Complex emotions and perceptions are distilled into simple, shape-shifting plinth and rock forms set against veils of striking, color-filled backgrounds that evoke “places” both undetermined and immediate. Manipulating color through layering and hue, Gorchov creates shapes and values that insinuate a feeling of depth and atmosphere. Monochromatic washes in tones of cerulean blue, pale green, and vibrant yellow loom in the background and enhance the mystery of his gestures by evoking realms of fertile, expansive spaces teeming with possibilities.
Ron Gorchov (b. 1930, Chicago, IL) attended the University of Mississippi, Oxford, the School of the Art Institute of Chicago, and the University of Illinois, Urbana-Champaign. Awards and honors include a John Simon Guggenheim Fellowship Award for Painting and a National Endowment for the Arts Award for Painting. Recent exhibitions include the Nicholas Robinson Gallery, New York, in collaboration with Vito Schnabel, Vito Schnabel, New York, and P.S. 1, Long Island City. His paintings are part of the permanent collections of the Museum of Modern Art, the Whitney Museum of American Art, the Solomon R. Guggenheim, and the Metropolitan Museum of Art, among others. Gorchov lives and works in Brooklyn, NY. Alain Kirili For over 30 years, Alain Kirili’s evocative and highly developed abstract bronze, steel, aluminum, terra cotta, and concrete sculptures have vitally revealed the physicality, sexuality, and emotionality of being. In marked contrast to the sterile virtuality that defines human existence in the 21st century, his new series of terra cotta and iron sculpture, and graphite on velum drawings together form a timeless dialogue between pure emotion and the pleasures of tactility.
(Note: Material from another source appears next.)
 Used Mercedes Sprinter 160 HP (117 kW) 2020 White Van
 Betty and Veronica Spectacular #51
Marked by tremendous dexterity of form, Funambule, 2009, reveals the assurance and lightness of touch that comes with maturity. Alluding to the delicate balance between life and death, masculinity and femininity, the appearance of irregular, syncopated patterns of excised and protruding marks along the length of each iron rod heighten the degree of surface tension and add to the anthropomorphic effect. Molded by hand, voluptuously-dense, terra cotta works on view entitled Modeles, 2009 (pictured), are also rife with sensuality. Their intertwining, undulating, flesh-like forms exhibit an erotic energy that recalls moments of creation and summation.
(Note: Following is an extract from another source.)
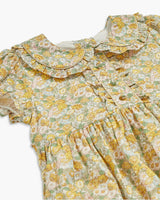 Juliet Dress Yellow Green Liberty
The act of modeling forms out of terra-cotta, or of forging metal by modulating heat into a hard medium to render it supple, represents both a deeply sensual moment and an irrevocable form of communion for the artist. As expressions of non-verbalized presence, Kiril’s recent works on views articlate his desire to achieve a state of completeness in which masculine and femine energies meld into one.
Alan Kirili (b. 1946, Paris, France) exhibited his first sculpture in 1972 at the Sonnabend Galley, Paris, France. Included among his extensive exhibition history are recent solo exhibitions at the IVAM Museum, Valencià, Spain and the New York Studio School. Dialogue exhibitions include Alain Kiril & Gaston Lachaise at Salander-O’Reilly Galleries, New York, and installations of Segou and Totems at Jardin du Palais-Royal, Paris, A Throw of the Dice Will Never Abolish Sculpture at the Musée D’Orsay, Paris, Grand Commendement Blanc at the Musée de l’Orangerie, Paris, and Hommage à Charlie Parker, at the Espace Massena, Paris. His sculpture is part of the permanent collections of the Museum of Modern Art, New York, the Dallas Museum of Art, Texas, the Musée d’Art Contemporain, Lyon, France, the Fonds National d’Art Contemporain, Paris, France, and the Musée Ludwig, Cologne, Germany, among others. He lives in New York and Paris.